Charlemagne had converted the Saxons of the Weser region from paganism by fire and sword. But when Bremen’s turn came to spread Christianity further through Denmark and Sweden, it used the missionary approach. For almost three centuries the combined archdiocese of Hamburg-Bremen included much of Scandinavia.

The missionary St Ansgar travelled deep into Sweden in 829, staying six months at Birka near modern Stockholm. In 845, as newly appointed archbishop, he moved his seat to Bremen, visited Denmark and Sweden and in 853 he returned to Birka, establishing churches as he went.

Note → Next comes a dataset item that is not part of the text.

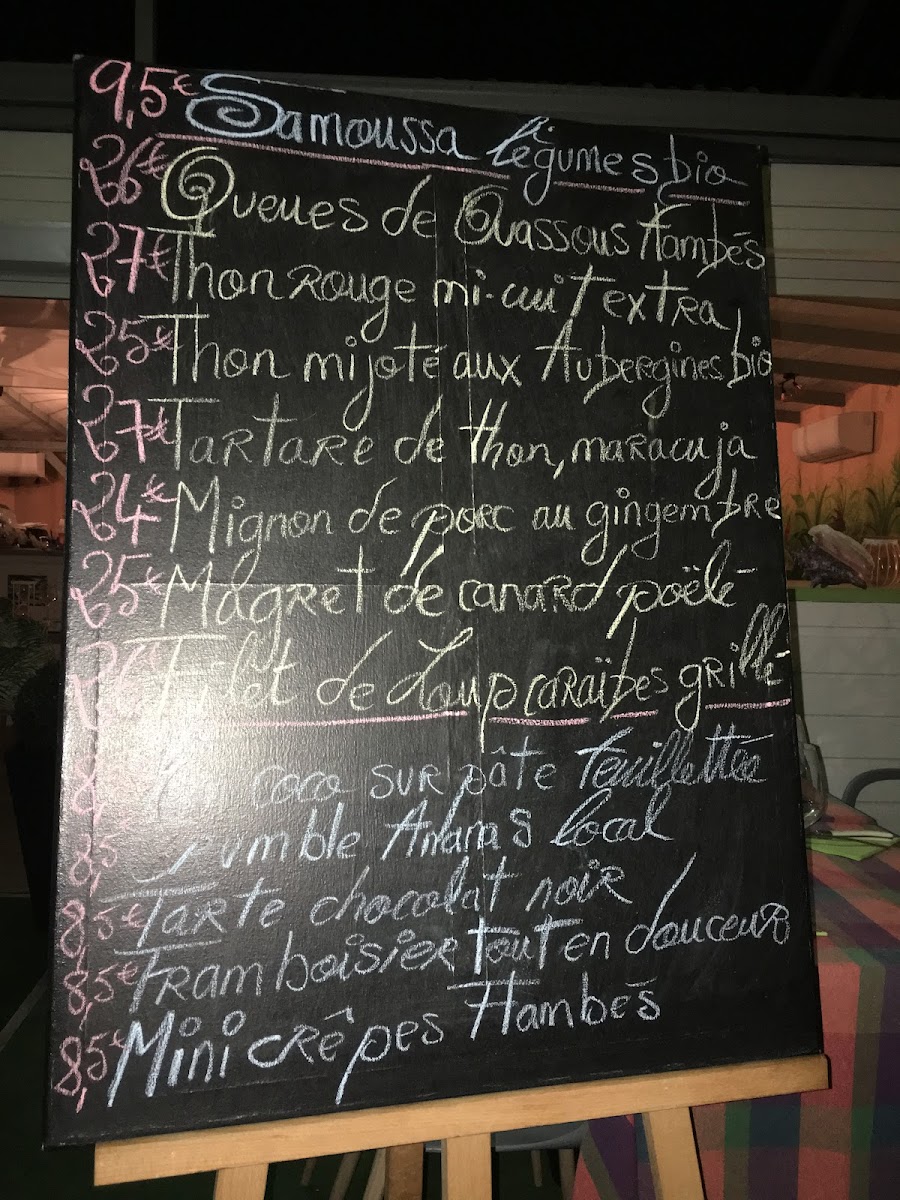 Menu Chez Margaux-4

Ansgar’s efforts failed to establish permanent worship but he has gone down in history as the ‘Apostle of the North’. His successor St Rimbert returned to Scandinavia to continue the work. By the 12th century there were 20 Scandinavian bishoprics under Bremen’s authority.

Bremen’s maritime strength and influence was for centuries an advantage in its northern missionary work.

The north of Europe remained part of Bremen’s church region until Christianity was fully established and Lund, then part of Denmark, became an independent archbishopric in 1104.

Cathedral in dispute

The Reformation both disrupted and interrupted the cathedral’s history and the building had mixed denominational uses for centuries.

Lutheran pastors preached alongside Catholic priests from 1522 until 1532, when the Catholic archbishop Christoph von Braunschweig-Wolfenbüttel closed the cathedral. It reopened with a Lutheran pastor in 1547, only to close again in 1561 for more than 70 years over Protestant doctrinal disputes. But the bishopric remained Lutheran in the decades leading up to the Thirty Years War.

In the 1590s Bremen’s citizens officially adopted Calvinism in place of Lutheran beliefs, but when the cathedral reopened in 1638 Lutheran doctrines were still being preached.

But the cathedral had deteriorated during the long closure and the south tower collapsed later that year. More damage to the tower was caused by a lightning strike in 1642.

After repair a pulpit in early Baroque style was installed, and the pillars and walls were decorated with Renaissance and Baroque epitaphs for cathedral clergy and prominent Bremen citizens. A Baroque altar and canopy were removed in 1839.

Most of the present exterior is the result of late 19th century reworking, including rebuilding of the south tower and the portals with biblical scenes on the doors. A plaque near the entrance acknowledges depictions of Jews in these reflected the anti-Semitic attitudes of the period. In 1912 a cloister attached to the south side was wrecked by fire.

In 1945 a bomb destroyed almost one-third of the building and all the stained glass. Repair and restoration took place in stages from the 1950s to 1970s.

A church and an island in Bremen

Today, the cathedral faces the centre of the market square, part of an array of buildings. But for centuries, it was an island in the centre of the city. From the 9th century it was surrounded by a rounded, roughly triangular barrier and ditch and in the 11th century a stone wall replaced the ditch.

This enclosed a tiny but legally separate territory, untaxed by the city, that included episcopal buildings and residences of the canons and became known as the Domfreiheit.

A paved walkway with a gate led to the market centre, today Am Markt. But within a decade most of the walls were raided for cathedral building stone and there was no effective barrier.

In the late medieval and Renaissance period, the independently minded old town of Bremen was at odds with prince-archbishops of Hamburg-Bremen, leading to occasional violence.

The Swedes took over the territory of Bremen and Verden in 1648 after the Treaty of Westphalia, which ended the Thirty Years War. Under this arrangement the Domfreiheit came under Swedish control and the prince-archbishopric ended, replaced by a duchy.

From 1715 the Domfreiheit switched from Sweden to the authority of Hannover, an arrangement that lasted until 1803, when the it was abolished.

Check out the Raven Travel Guides Europe Bremen travel guide for all the details of Bremen’s leading sights and money-saving tips.

Visiting St Petri Dom

Bremen’s cathedral closes briefly from Monday to Saturday for noon prayers. To reach the cathedral, take tram 1, 2, 3, 4, 6 or 8 to Domsheide. The city’s Böttcherstrasse arts precinct is nearby, as are the chief monuments of Bremen’s medieval and Renaissance past.